Critical gotchas (battle-tested)

These come from production Proxmox environments and will save hours of debugging:

Stop/start vs reboot: Guest reboot does NOT restart the QEMU process. Disk config changes (discard, cache mode, iothread, bus type) only apply when QEMU starts fresh. Always use qm stop then qm start for hardware config changes. This also applies to memory balloon device changes.

LVM thin pool at 100%: When data_percent hits 100%, ALL VM I/O on that pool fails instantly - guests hang, no graceful degradation. Recovery requires lvextend on the thin pool or migrating VMs off. Monitor thin pool usage and alert well before 100% (80% warning, 90% critical). data_percent measures blocks ever written, not current filesystem usage - a VM that wrote then deleted 50GB still shows that 50GB in data_percent until fstrim reclaims it.

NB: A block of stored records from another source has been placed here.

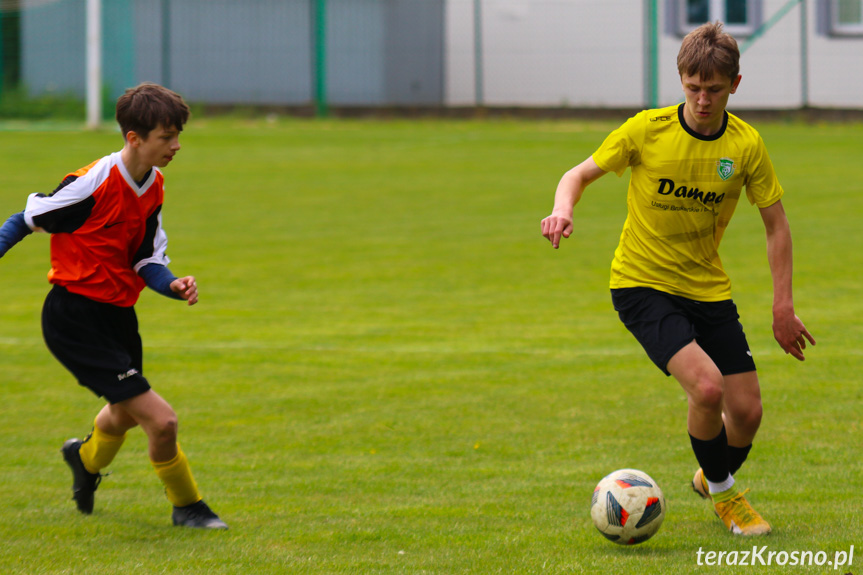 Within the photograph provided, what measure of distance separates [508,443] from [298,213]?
1025 centimetres

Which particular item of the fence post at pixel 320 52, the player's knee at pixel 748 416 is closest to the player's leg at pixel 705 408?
the player's knee at pixel 748 416

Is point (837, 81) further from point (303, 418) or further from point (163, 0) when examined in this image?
point (303, 418)

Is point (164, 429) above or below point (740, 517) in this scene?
above

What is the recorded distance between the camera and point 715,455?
4766 mm

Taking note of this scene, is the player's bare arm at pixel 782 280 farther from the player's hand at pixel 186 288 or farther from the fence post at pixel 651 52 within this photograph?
the fence post at pixel 651 52

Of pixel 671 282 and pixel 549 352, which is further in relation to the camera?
pixel 549 352

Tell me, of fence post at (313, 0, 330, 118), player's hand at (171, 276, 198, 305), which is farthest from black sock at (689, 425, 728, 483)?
fence post at (313, 0, 330, 118)

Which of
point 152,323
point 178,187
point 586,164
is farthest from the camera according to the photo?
point 178,187

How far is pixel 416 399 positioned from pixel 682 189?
317 centimetres

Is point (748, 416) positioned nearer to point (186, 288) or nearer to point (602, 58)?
point (186, 288)

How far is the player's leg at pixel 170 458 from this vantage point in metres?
4.77

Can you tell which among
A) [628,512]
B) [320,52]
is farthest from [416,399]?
[320,52]

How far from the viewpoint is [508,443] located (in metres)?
6.46

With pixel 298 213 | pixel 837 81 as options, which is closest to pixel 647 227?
pixel 298 213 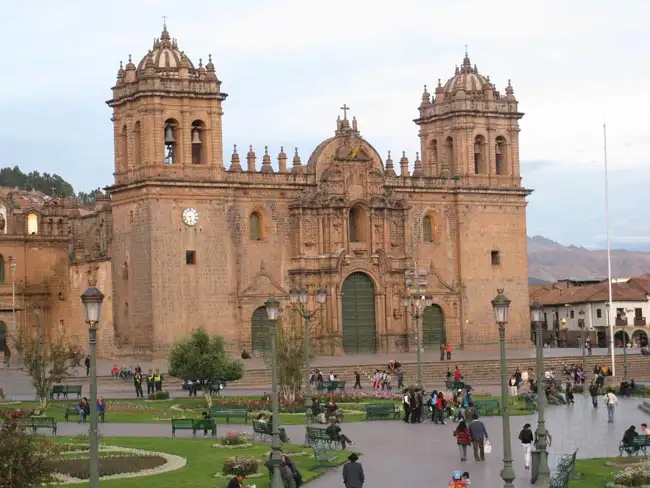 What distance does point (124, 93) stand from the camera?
6731 centimetres

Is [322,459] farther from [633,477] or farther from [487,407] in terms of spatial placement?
[487,407]

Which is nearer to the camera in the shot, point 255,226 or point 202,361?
point 202,361

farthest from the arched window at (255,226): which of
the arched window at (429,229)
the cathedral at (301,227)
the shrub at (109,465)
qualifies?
the shrub at (109,465)

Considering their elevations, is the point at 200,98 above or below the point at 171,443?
above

Live migration via SSH: qm migrate runs in the foreground. If the SSH session drops, the migration aborts. For large VMs (32GB+ disk), use:

nohup qm migrate <vmid> <target> --online --with-local-disks \
  > /tmp/migrate-<vmid>.log 2>&1 &

Migration is abort-safe: source VM stays running on failure, target LVs are cleaned up.

KVM ballooning: The balloon device lets the host reclaim unused guest memory. Sounds great, causes pain. Alpine Linux (and some BSDs) can't hotplug DIMMs - balloon changes need full power-cycle (stop/start, not reboot). Even on Debian, balloon behavior is unpredictable under memory pressure. Recommendation: disable ballooning (memory_min_mb = 0 in Terraform, or set balloon to 0 in qm) and provision VMs with the memory they actually need.

fail2ban on Proxmox (Debian 13): /var/log/daemon.log doesn't exist under journald. Use backend = systemd with journalmatch = _COMM=pvedaemon in the jail config.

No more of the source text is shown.